Alberts Corporation manufactures one product. It does not maintain any beginning or ending Work in Process inventories. The company uses a standard cost system in which inventories are recorded at their standard costs. The standard cost card for the company’s only product is as follows:
Inputs | Standard Quantity or Hours |
Standard Price or Rate | Standard Cost | |||||
Direct materials | 2.0 | liters | $ | 9.50 | per liter | $ | 19.00 | |
Direct labor | 0.80 | hours | $ | 20.00 | per hour | 16.00 | ||
Fixed manufacturing overhead | 0.80 | hours | $ | 12.00 | per hour | 9.60 | ||
Total standard cost per unit | $ | 44.60 | ||||||
The standard fixed manufacturing overhead rate was based on budgeted fixed manufacturing overhead of $240,000 and budgeted activity of 20,000 hours.
During the year, the company applied fixed overhead to the 15,200 units in work in process inventory using the predetermined overhead rate multiplied by the number of direct labor-hours allowed. Actual fixed overhead costs for the year were $223,700. Of this total, $147,700 related to items such as insurance, utilities, and indirect labor salaries that were all paid in cash and $76,000 related to depreciation of manufacturing equipment.
Assume that all transactions are recorded on the below worksheet, which is similar to the worksheet shown in your text except that it has been divided into two parts so that it fits on one page. The beginning balances in each of the accounts have been given. PP&E (net) stands for Property, Plant, and Equipment net of depreciation.
Cash | Raw Materials | Work in Process | Finished Goods | PP&E (net) | = | Materials Price Variance | Materials Quantity Variance | Labor Rate Variance | Labor Efficiency Variance | FOH Budget Variance | FOH Volume Variance | Retained Earnings | ||
1/1 | $1,010,000 | $38,000 | $0 | $80,280 | $530,200 | = | $0 | $0 | $0 | $0 | $0 | $0 | $1,658,480 | |
When applying fixed manufacturing overhead to production, the Work in Process inventory account will increase (decrease) by:
Multiple Choice
($147,700)
$145,920
($145,920)
$147,700
Answer:
Correct answer is:
$145,920
Explanation:
Given:
The standard fixed manufacturing overhead rate was based on budgeted fixed manufacturing overhead of $240,000 and budgeted activity of 20,000 hours.

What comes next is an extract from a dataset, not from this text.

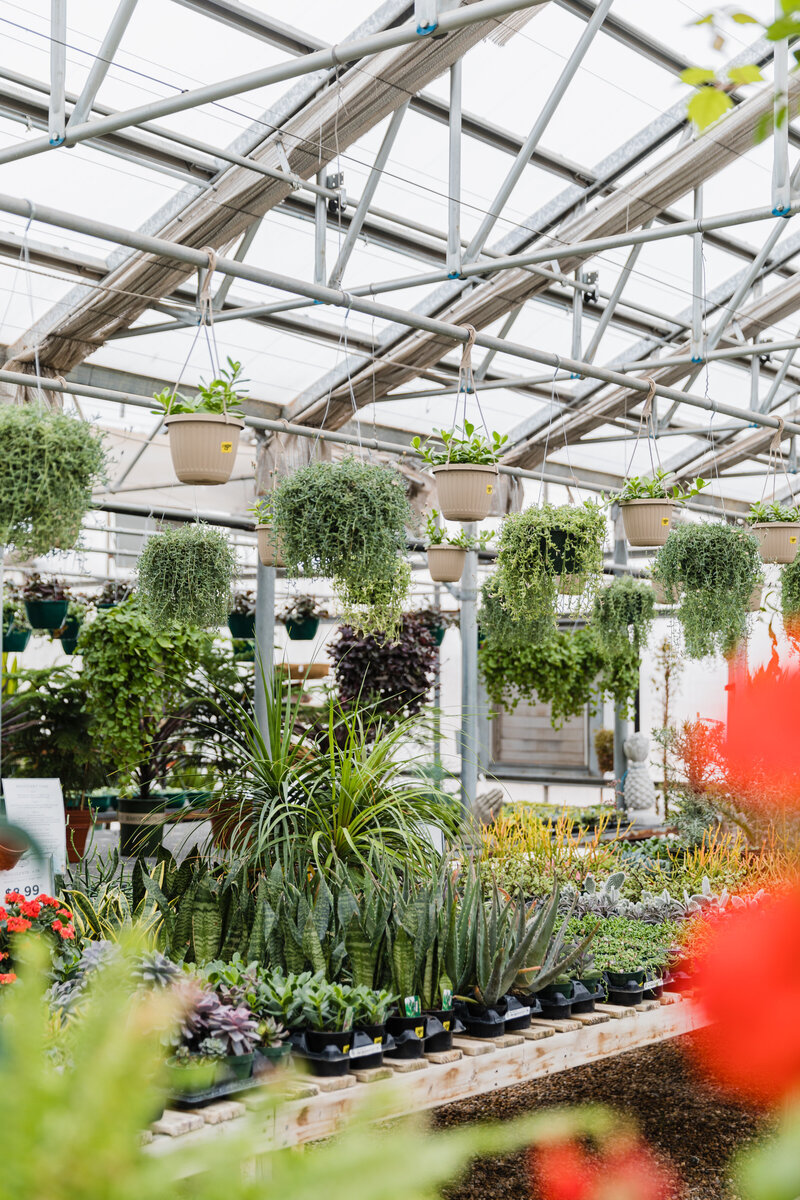 Home Pete's Greenhouse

Standard fixed manufacturing overhead rate = 240000 / 20000 = $12
During the year, the company applied fixed overhead to the 15,200 units in work in process inventory using the predetermined overhead rate multiplied by the number of direct labor-hours allowed.

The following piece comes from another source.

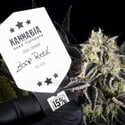 Zoap Rosé (Kannabia) feminizada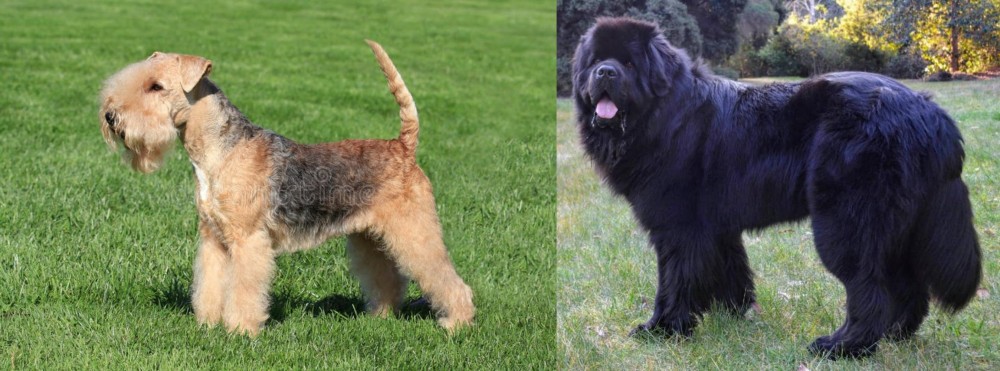 Newfoundland Dog vs Lakeland Terrier - Breed Comparison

Fixed Manufacturing overhead applied = 15200 * 0.8 * $12 = $145,920
Journal entry is:
Work in process Debit $145,920
To Fixed Manufacturing overhead Credit $145,920
As such applying fixed manufacturing overhead to production, the Work in Process inventory account will increase by $145920
Option B is correct and other options A, C and D are incorrect.